Yesterday’s jobs are not today’s—and today’s jobs are not tomorrow’s. The increasing volatility of the labor market places a premium on improving one’s “human capital” to meet employers’ needs. Rapid changes in technologies and business practices exacerbate current trends and show the need for New Jersey to do a better job of helping people get the training and support they need to get work that supports a family.

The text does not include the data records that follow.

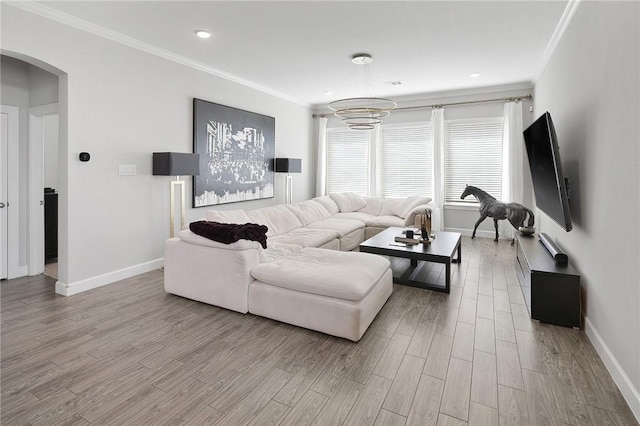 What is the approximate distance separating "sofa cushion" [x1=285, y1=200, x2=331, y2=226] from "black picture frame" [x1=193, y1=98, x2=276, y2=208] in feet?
2.95

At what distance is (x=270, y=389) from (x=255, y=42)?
143 inches

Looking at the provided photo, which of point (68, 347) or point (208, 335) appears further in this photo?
point (208, 335)

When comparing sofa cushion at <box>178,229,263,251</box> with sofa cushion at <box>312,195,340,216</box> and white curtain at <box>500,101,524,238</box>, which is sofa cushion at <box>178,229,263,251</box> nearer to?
sofa cushion at <box>312,195,340,216</box>

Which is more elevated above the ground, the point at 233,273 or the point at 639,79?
the point at 639,79

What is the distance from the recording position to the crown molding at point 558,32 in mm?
3089

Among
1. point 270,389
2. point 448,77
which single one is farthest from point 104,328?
point 448,77

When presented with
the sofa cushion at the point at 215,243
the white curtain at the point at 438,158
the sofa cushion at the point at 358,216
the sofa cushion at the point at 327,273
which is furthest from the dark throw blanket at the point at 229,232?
the white curtain at the point at 438,158

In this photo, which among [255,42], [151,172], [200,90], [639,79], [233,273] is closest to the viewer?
[639,79]

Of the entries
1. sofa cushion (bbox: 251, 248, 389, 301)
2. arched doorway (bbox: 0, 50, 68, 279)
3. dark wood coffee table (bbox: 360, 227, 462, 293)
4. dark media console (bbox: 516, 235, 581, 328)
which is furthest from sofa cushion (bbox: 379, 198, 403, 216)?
arched doorway (bbox: 0, 50, 68, 279)

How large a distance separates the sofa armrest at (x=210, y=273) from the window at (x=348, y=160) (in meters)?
4.78

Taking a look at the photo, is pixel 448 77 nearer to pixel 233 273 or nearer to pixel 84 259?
pixel 233 273

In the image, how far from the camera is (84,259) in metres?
3.59

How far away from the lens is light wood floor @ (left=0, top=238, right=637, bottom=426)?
70.2 inches

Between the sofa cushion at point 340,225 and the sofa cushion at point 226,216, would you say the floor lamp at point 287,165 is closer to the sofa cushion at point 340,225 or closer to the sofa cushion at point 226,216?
the sofa cushion at point 340,225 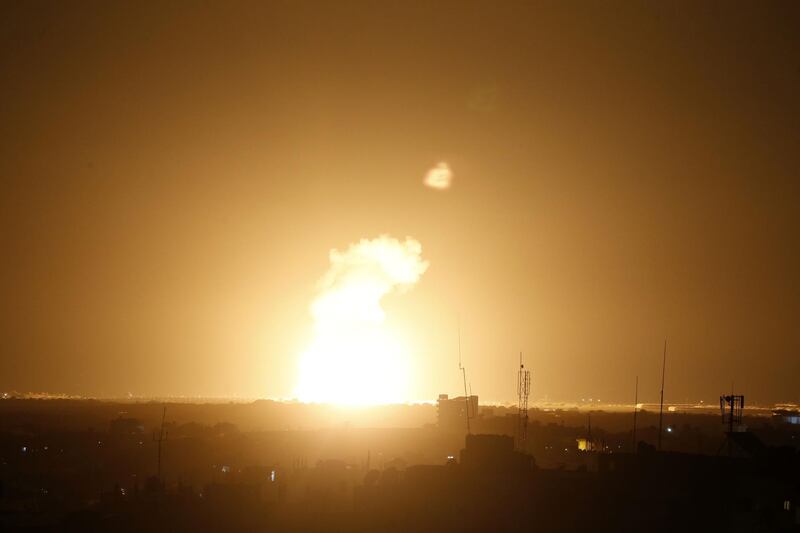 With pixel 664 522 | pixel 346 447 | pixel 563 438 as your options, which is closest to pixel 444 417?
A: pixel 346 447

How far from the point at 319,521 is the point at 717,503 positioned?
20734 mm

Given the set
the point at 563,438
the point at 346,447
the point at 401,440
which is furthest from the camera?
the point at 401,440

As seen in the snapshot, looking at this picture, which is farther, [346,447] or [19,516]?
[346,447]

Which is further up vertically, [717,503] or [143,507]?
[717,503]

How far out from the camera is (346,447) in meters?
114

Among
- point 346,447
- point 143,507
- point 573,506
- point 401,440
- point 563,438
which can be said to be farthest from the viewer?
point 401,440

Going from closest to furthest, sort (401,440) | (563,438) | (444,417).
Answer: (563,438) < (401,440) < (444,417)

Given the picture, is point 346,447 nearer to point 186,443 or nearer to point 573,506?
point 186,443

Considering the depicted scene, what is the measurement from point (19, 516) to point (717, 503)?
3864 centimetres

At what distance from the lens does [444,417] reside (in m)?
137

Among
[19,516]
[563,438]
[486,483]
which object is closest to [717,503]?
[486,483]

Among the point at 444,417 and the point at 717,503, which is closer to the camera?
the point at 717,503

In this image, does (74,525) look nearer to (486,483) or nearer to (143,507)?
(143,507)

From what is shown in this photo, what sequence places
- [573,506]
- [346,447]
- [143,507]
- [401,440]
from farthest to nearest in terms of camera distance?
[401,440] < [346,447] < [143,507] < [573,506] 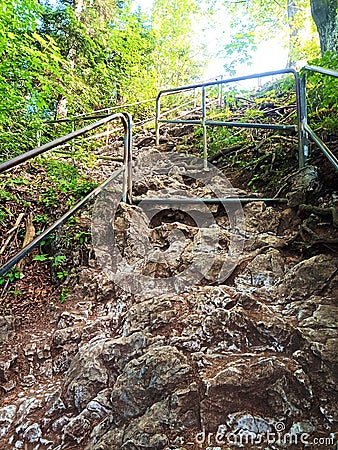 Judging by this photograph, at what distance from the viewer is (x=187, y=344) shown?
1535 mm

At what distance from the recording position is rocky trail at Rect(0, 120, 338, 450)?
1.17 metres

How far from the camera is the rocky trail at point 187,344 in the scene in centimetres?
117

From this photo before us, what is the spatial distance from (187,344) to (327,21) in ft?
15.2

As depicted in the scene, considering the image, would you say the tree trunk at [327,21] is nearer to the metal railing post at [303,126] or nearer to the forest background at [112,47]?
the forest background at [112,47]

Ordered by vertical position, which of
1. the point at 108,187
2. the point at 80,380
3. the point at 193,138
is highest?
the point at 193,138

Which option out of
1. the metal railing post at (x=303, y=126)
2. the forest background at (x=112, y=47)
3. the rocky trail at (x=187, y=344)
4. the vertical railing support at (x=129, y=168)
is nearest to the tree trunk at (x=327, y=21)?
the forest background at (x=112, y=47)

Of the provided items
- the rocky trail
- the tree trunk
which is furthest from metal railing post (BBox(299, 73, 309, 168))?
the tree trunk

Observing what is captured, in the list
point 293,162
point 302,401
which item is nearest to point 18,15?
point 293,162

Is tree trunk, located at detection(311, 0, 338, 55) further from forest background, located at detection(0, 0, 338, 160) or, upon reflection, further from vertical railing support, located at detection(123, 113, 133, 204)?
vertical railing support, located at detection(123, 113, 133, 204)

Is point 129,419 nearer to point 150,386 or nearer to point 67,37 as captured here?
point 150,386

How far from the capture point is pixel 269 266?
2.04 metres

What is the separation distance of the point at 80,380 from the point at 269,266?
4.07ft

One big target for such assistance is the nearly 75,000 New Jerseyans who, according to the U.S. Bureau of Labor Statistics, have not been able to find work after months or even years of joblessness. Many of the long-term unemployed have become part of the “missing labor force.” In fact, more than three in 10 of New Jersey’s unemployed have not been able find a job for more than six months. New Jersey’s rate of long-term unemployment is among the highest of any state, and significantly higher than the national average of 23.3%.31
Given such chronic problems, and their impact on the state’s competitiveness, New Jersey needs strategies for delivering far more robust and effective education and training. Educational attainment levels in New Jersey remain far below what most workers need to obtain good, family-supporting jobs. According to U.S. Census data from 2015, 10.9% of New Jersey’s residents have not earned a high school diploma, the minimum requirement for nearly every job today. While 42% of New Jersey residents have earned a postsecondary credential, far more New Jersey job applicants in the coming decades will need at least some postsecondary education to obtain a good job.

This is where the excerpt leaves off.